#### Dataset entries:
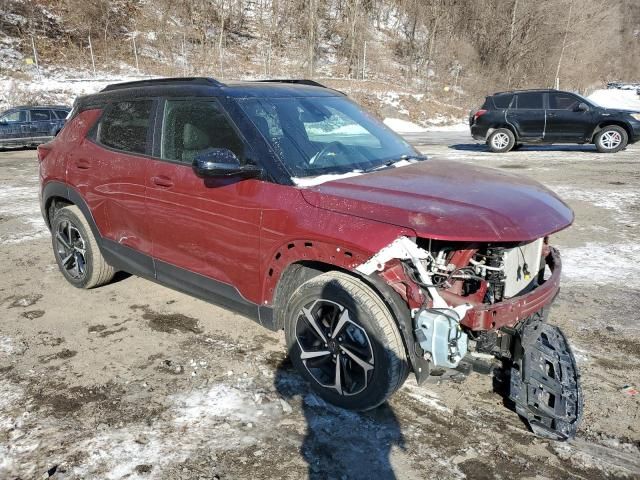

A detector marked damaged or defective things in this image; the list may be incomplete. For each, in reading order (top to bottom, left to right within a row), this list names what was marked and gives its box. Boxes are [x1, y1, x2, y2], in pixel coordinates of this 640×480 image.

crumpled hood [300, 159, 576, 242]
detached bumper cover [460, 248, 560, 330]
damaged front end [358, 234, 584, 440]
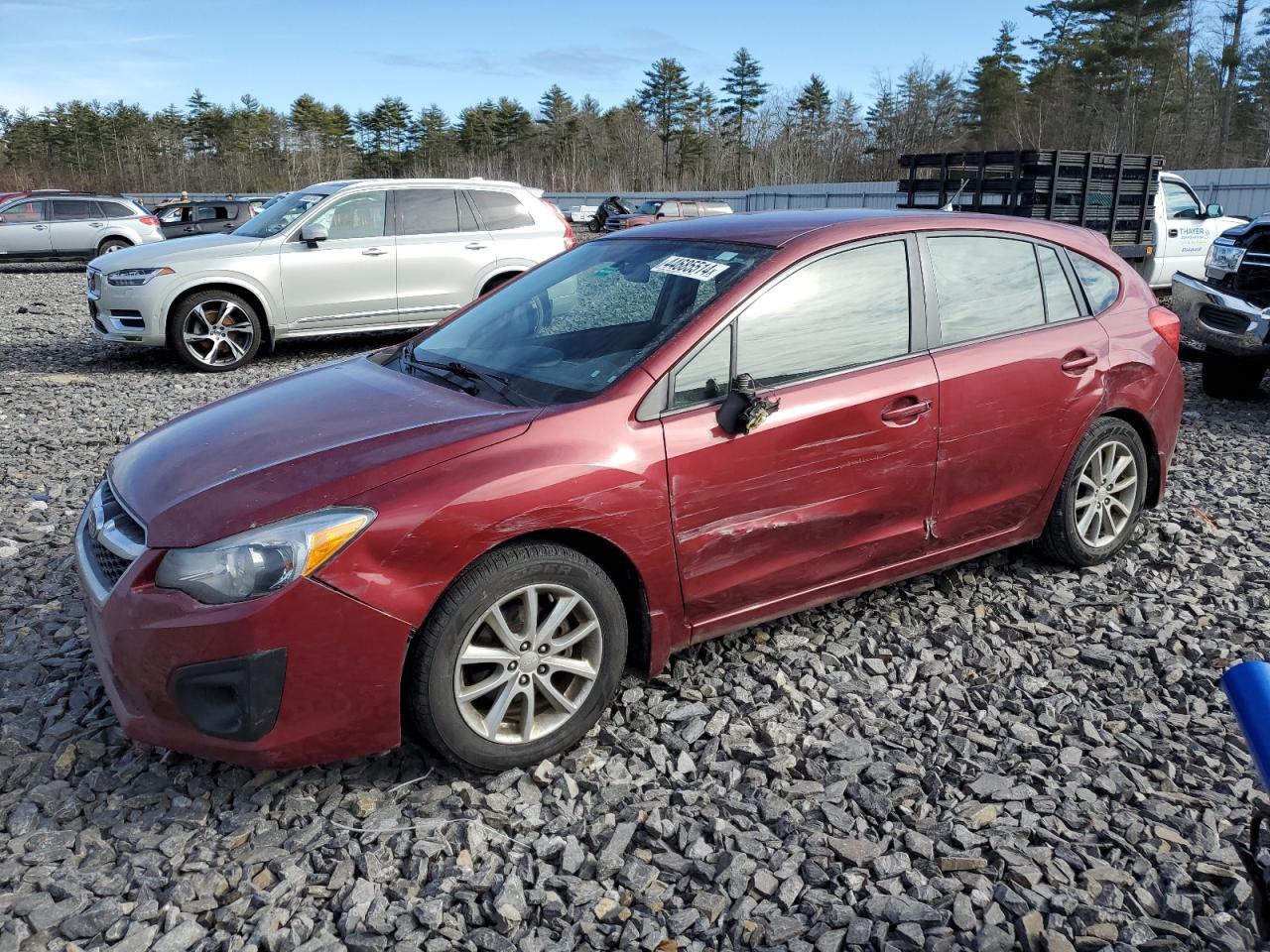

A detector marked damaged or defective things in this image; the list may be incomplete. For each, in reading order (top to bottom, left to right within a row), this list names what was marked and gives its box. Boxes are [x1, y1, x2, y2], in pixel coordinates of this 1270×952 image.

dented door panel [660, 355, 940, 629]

#### Your instructions:
Omit all pictures while transcribing the entries verbatim.

#### Solution to this problem:
A detector marked damaged or defective things in this image; the list may be incomplete. For each, in reading order (top to bottom, left to right within a row), this list names what was marked and gives its box. Boxes are [x1, y1, x2, y2], in pixel coordinates of this 640×480 image.

crumpled hood [300, 159, 576, 242]
detached bumper cover [460, 248, 560, 330]
damaged front end [358, 234, 584, 440]

A detector marked damaged or defective things in this image; the list may be incomplete. For each, in reading order (top to bottom, left to right within a row), this list names what was marked and gives its box. Boxes are [x1, y1, x2, y2], in pixel coordinates of this 1270×952 image.

dented door panel [660, 355, 940, 629]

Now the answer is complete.